The problem with Google is that no other company has ever proceeded so aggressively and on such a broad scale to compile personally identifiable profiles on so many people. Despite all your examples above, Google has collected more, and more detailed, information on more people than any of the other entities you mention. They have also demonstrated time and again that they have zero respect for privacy, zero respect for the law, and that their word means absolutely nothing.
Late FBI Director J. Edgar Hoover blackmailed sitting US Presidents with information he collected on them to force them to do what he wanted. How long until Google, a company that has demonstrated no respect for the law, if they haven't already, blackmails members of Congress, Executive Branch officials, Judges? You might say there's no reason to think they'd ever do that, but there's no reason to think they won't, eventually, to get their way. The very fact that it's possible it could happen is dangerous.

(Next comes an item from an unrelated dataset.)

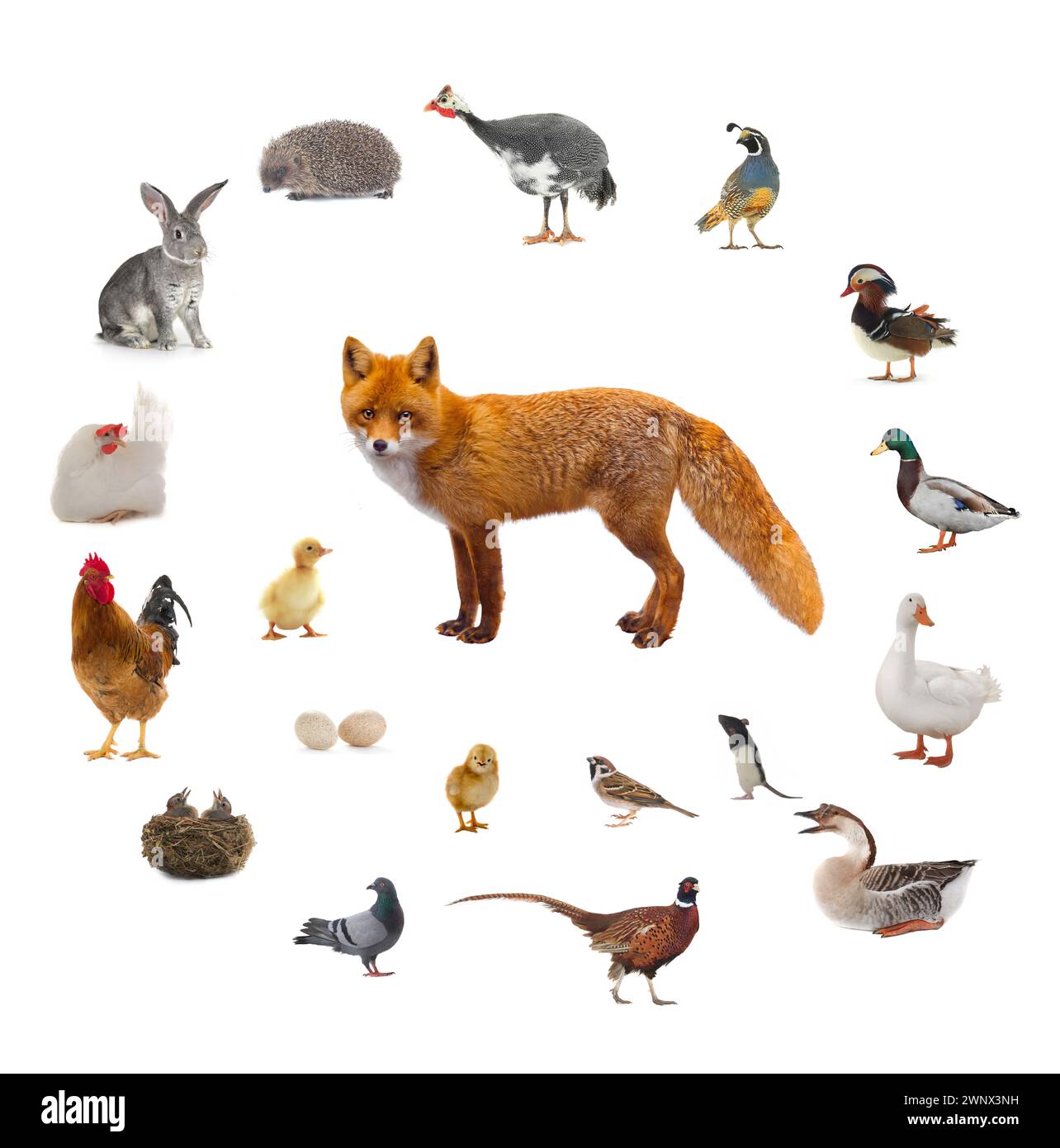 And what the fox eats, isolated on a white background Stock Photo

But the harm from all this spying, home invasion, tracking, and so on, is and will be the chilling effect it has on the daily behavior of individuals. With Google and others constantly looking over our shoulders, tracking us around the web, and now around the physical world, stealing data from our WiFi networks, individuals are already afraid to do things, entirely ethical and legal things, simply from the fear that Google will know. This is happening now, today, so the harm that you ask about occurs anytime anyone thinks twice about going to a website because they'd rather not have anyone know they did. Any time you feel you can't use your phone because you don't want a record in a database that you were at a particular location, you have suffered harm. Your actions, your freedom to act and live your life without the fear of someone looking over your shoulder has been curtailed.
And, no, just because you do something you would be embarrassed for other people to know about, doesn't mean its wrong. Maybe you're gay and in the closet, which you should be free to be. So maybe you don't want ads related to that popping up on your screen that others might see. But, now that we have Google tracking everywhere we go and everything we do, you aren't free to go where you want and do what you want with the comfort that it will be private behavior. You have been harmed, your freedom has been curtailed, by Google's behavior.
And, thus, our privacy, and freedom, are chipped away at, little by little, piece by piece, until eventually, if we allow it to happen we'll have none of either left. So, please, stop pretending that no one has suffered harm. And, please, stop asking ridiculous questions, that are beside the point, in demanding what the specific harm was in each individual violation. While there certainly can be specific harm linked to individual violations, the more important issue, the more serious harm to us as a nation, is the loss of the feeling that we are free to live our lives as we want. And the loss of the feeling, is the loss of our freedom.